For context, I’ve been overweight most of my life but especially in adulthood. I’m 5’4” and haven’t been below 200lbs in about 4 years. My weight has fluctuated between 200-206 for the most part over the last few years, with a few points of hitting 210+.
I found out I was pregnant with my first in November of 2022 and by the time I delivered my baby, I weighed 236lbs. I dropped back down to 206 by my 5 week postpartum checkup, then shot back up to 220 by mid November 2023. I’ve been working my butt off to get back down to where I started, and then to get to an even lower weight. My current goal is 180lbs but long term, I would love to get down to 160 or lower.
I’m now down to 192.2 as of today which I’m very proud of and I’m still working to hit my goal of 180. But the drastic changes in weight have left me almost feeling worse than before about how I look. My skin is sagging on my belly, my boobs are completely deflated, my jawline is in a weird space of “not quite fat but definitely not defined.” I don’t recognize myself anymore in both a really good way and a really bad way. I love how I look in clothes, but naked or in a swimsuit is definitely not good in my opinion.
It’s so discouraging to have made so much progress on the scale and even losing a few pant sizes, but to still not like what I see in the mirror. I’m worried that the more weight I lose, the more I’ll hate what I see. I know the weight loss is so good for my physical health, and I know that this is necessary if I want to be around to watch my son grow up, to continue to grow my family, and to be able to grow old with my husband.

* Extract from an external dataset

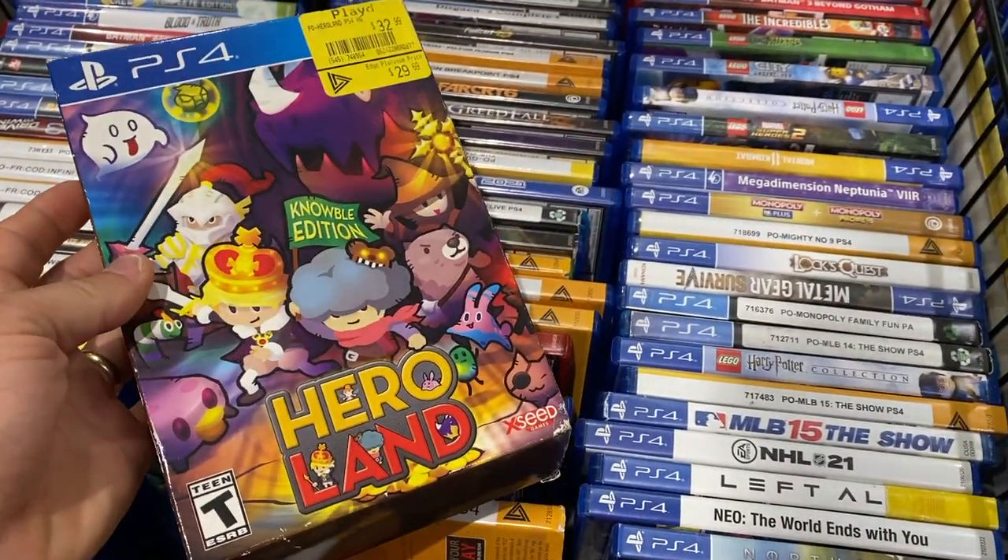Today I'm going to be taking you on a game hunting adventure that I went on recently to Ottawa, which is the capital city of Canada in the province of Ontario. I was there for about a week with my wife who was there for work, but I was set loose on the city. I made sure to set aside two days strictly for game hunting at game stores, pawn shops, and thrift stores. Let's hop on a plane and head there right now.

I guess I’m just wondering if anyone else hated what they saw in the middle of their weight loss journey but ended up at least mostly liking what they saw in the mirror once they hit their goal.
It feels silly to complain about this since it’s all cosmetic, but I’m hoping at least one person understands what I’m going through and can offer some insight or encouragement. I’ll gladly take poor body image over the health problems that my weight has caused over the years. It would just be nice to potentially like what I look like naked down the line.